Dr. Reuben Abati
Several sources in the Presidency confirmed that overwhelmed senior aides and associates of President Goodluck Jonathan have been thrown into a state of confusion over strategies for containing the grave political damage to Mr. Jonathan after a harsh letter by former President Olusegun Obasanjo was leaked to the media.
Members of Mr. Jonathan’s camp have responded by holding several marathon meetings in Aso Rock and other locations in Abuja to find some angle to stem the fallout of the blistering attack Mr. Jonathan launched against the president.
“The feud between Mr. President and Chief Olusegun Obasanjo has been worrying us,” said one source, adding, “Baba [a moniker for Mr. Obasanjo] has chosen a bad time to release this letter.” The source said the death of former South African President Nelson Mandela meant that Mr. Obasanjo’s letter was ill-timed. “The whole of Africa should be mourning Dr. Mandela and celebrating his legacy,” the source, a senior aide to Mr. Jonathan said, on condition of anonymity.
Another source, who is close to Mr. Jonathan but not a government appointee, accused Mr. Obasanjo of acting hypocritically and true to character. “This is the way Chief Obasanjo has always operated, even before and during the civil war,” said the source, noting that retired General Alabi had exposed Mr. Obasanjo’s war-era duplicity in a recent book.
It was learn't that the marathon meetings by Mr. Jonathan’s aides are being coordinated by National Security Adviser, Colonel Sambo Dasuki (ret.), and the president’s Chief of Staff, Mike Oghiadomhe.
Our sources disclosed that the meetings concluded that the initial responses by Mr. Jonathan’s camp, relayed by the president’s top media aide, Reuben Abati, as well as statements by Bamanga Tukur, the national chairman of the Peoples Democratic Party (PDP), were considered insensitive and immature. Both Mr. Abati as well as Mr. Tukur had used harsh words in their respective reactions to Mr. Obasanjo’s 18-page epistle which accused Mr. Jonathan of failure of statecraft, encouragement of corruption, and of sabotaging the electoral prospects of PDP candidates in several recent elections, including the November 16 governorship election in Anambra State.

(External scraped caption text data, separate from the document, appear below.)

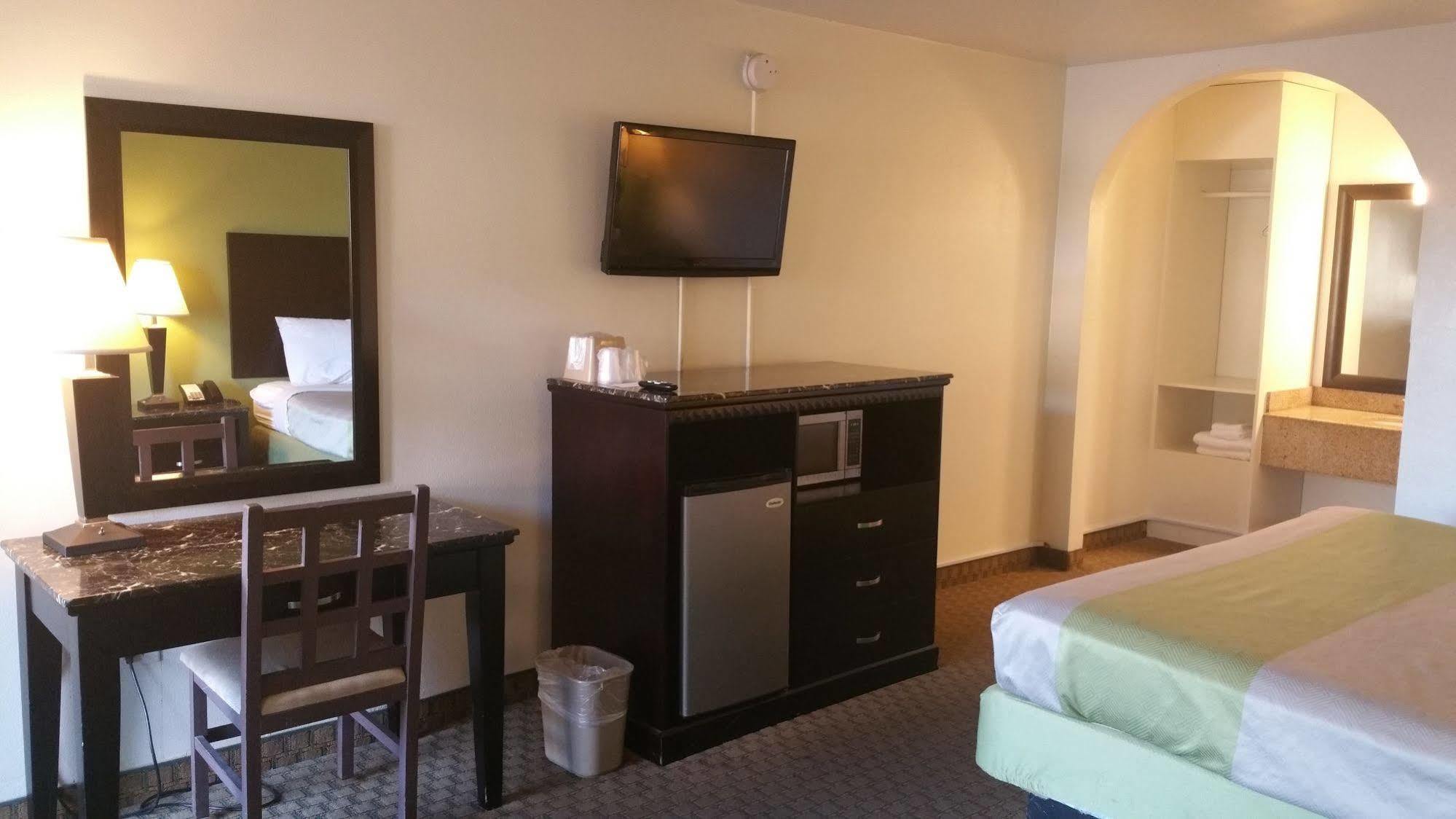 Oyo Hotel Lafayette La I-10 & University 外观 照片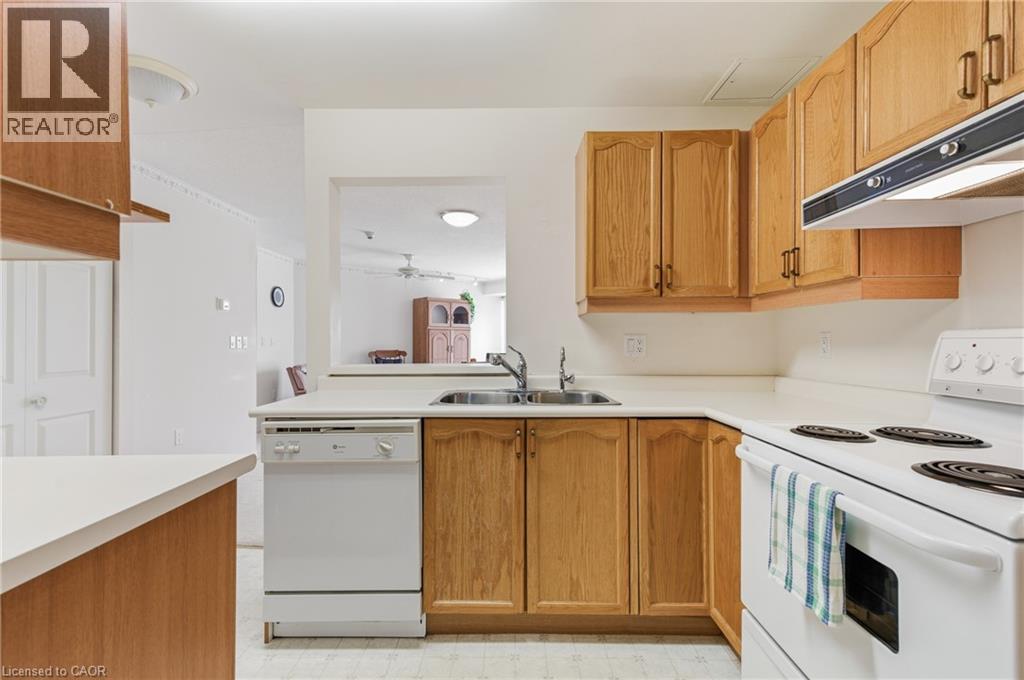 20 ST GEORGE Street Unit# 407 thumbnail 13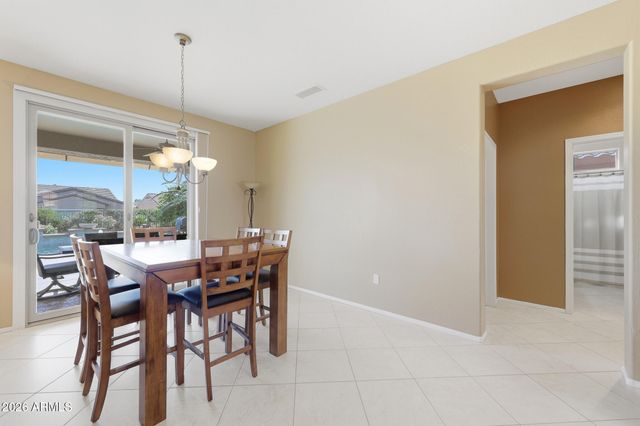 15437 W MOONLIGHT Way, Surprise, AZ 85374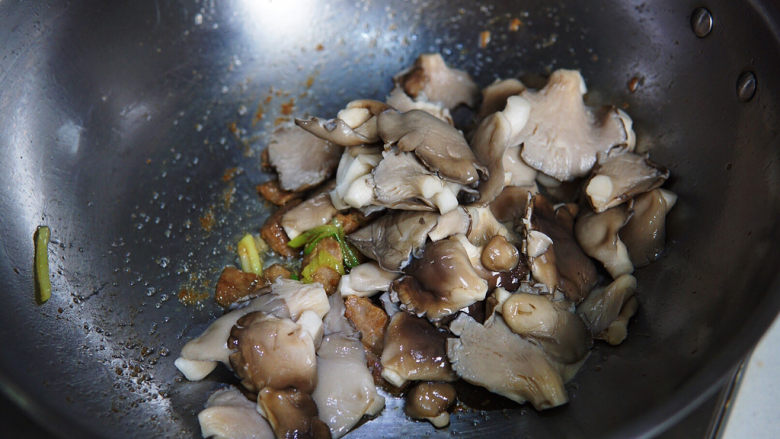 蘑菇炒肉,控干水的平菇入锅翻炒片刻,加盐调味,继续翻炒均匀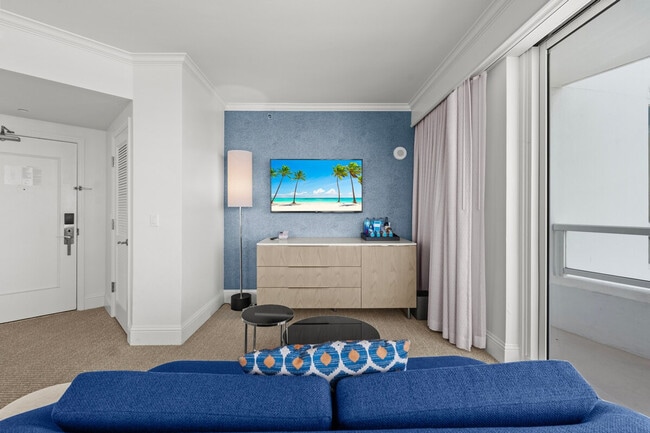 Building Photo - 4441 Collins Ave Unit SI ID1540447P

The source Confirmed that a few influential associates of President Jonathan were opposed to pummeling Mr. Obasanjo with words. “We are not comfortable with the reactions so far. We are determined to make every effort to ensure an early end to the warfare between the former president and Mr. President.”
“Chief Obasanjo will benefit if we attack him with insults,” said another source who has attended several meetings on how best to respond to the ongoing feud. “It is against African culture to abuse an elder, even if he abuses you. Chief [Obasanjo] will look good if we are seen as returning fire-for-fire,” the source added. He described the timing and nature of the former president’s leaked letter as inauspicious.
The source disclosed that he and several other friends of Mr. Jonathan considered Mr. Abati’s and Mr. Tukur’s fiery responses to Mr. Obasanjo to be “uncalled for and clearly insensitive in view of the complexities associated with the tension generated by Chief Obasanjo’s letter.”
He added that there was also a move to wade into a fight brewing between the Governor of the Central Bank of Nigeria, Sanusi Lamido Sanusi, and officials of the Nigerian National Petroleum Corporation (NNPC). In a letter to President Jonathan that was also widely reported, Mr. Sanusi accused the management of the NNPC of failure to remit billions of dollars of revenue earned from oil exports to the Central Bank of Nigeria. In a biting rebuttal, the NNPC stated that the CBN governor was ignorant of the fact that the oil corporation remits its oil-export receipts to other agencies of the government.